Provided entries below:

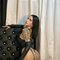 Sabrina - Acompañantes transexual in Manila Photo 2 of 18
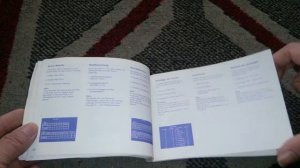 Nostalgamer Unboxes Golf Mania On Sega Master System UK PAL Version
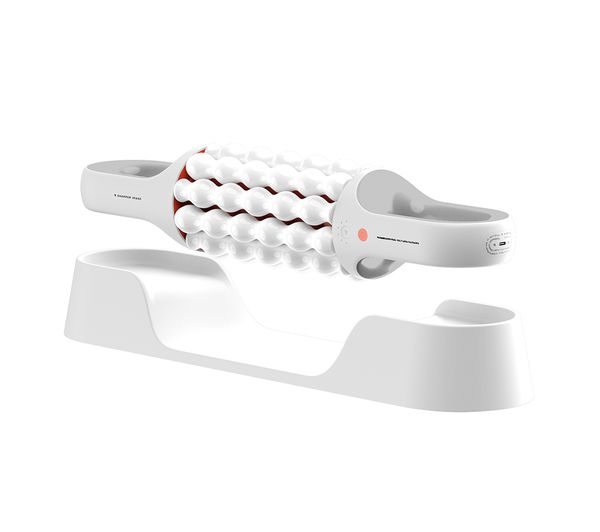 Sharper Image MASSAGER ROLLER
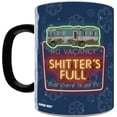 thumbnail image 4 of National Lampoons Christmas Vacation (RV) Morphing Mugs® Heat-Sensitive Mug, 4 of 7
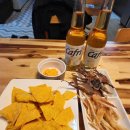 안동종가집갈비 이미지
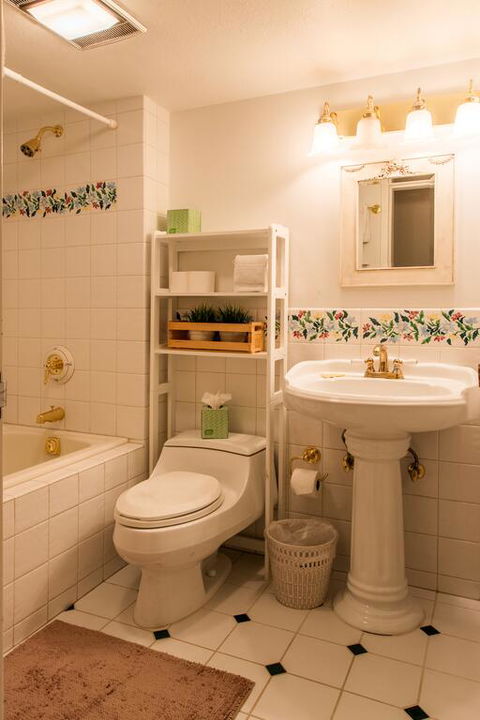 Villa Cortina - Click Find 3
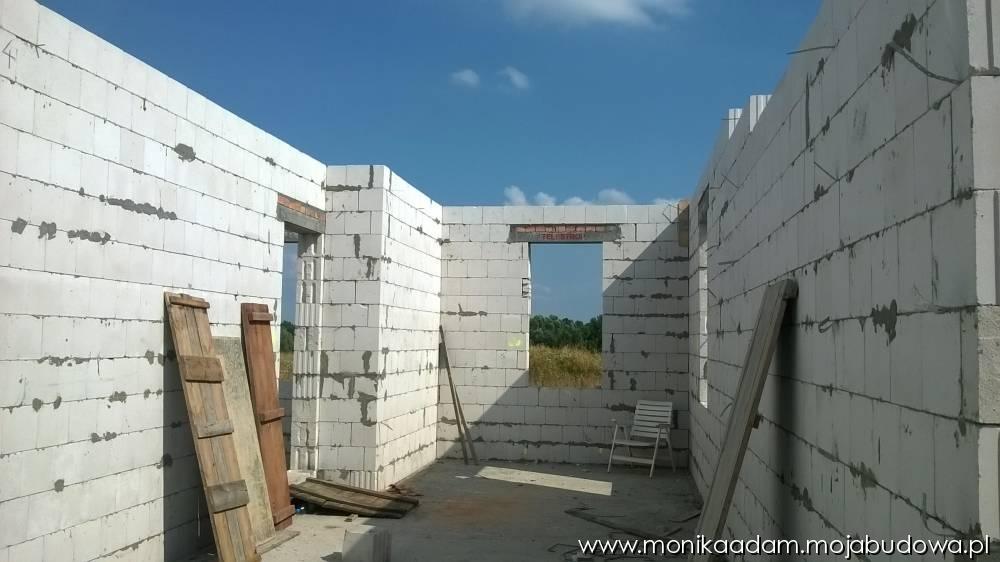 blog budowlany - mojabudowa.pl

End of Provided entries.

Each entry, start to finish, goes into your copy exactly; the pictures stay out.

 Sabrina - Acompañantes transexual in Manila Photo 2 of 18
 Nostalgamer Unboxes Golf Mania On Sega Master System UK PAL Version
 Sharper Image MASSAGER ROLLER
 thumbnail image 4 of National Lampoons Christmas Vacation (RV) Morphing Mugs® Heat-Sensitive Mug, 4 of 7
 안동종가집갈비 이미지
 Villa Cortina - Click Find 3
 blog budowlany - mojabudowa.pl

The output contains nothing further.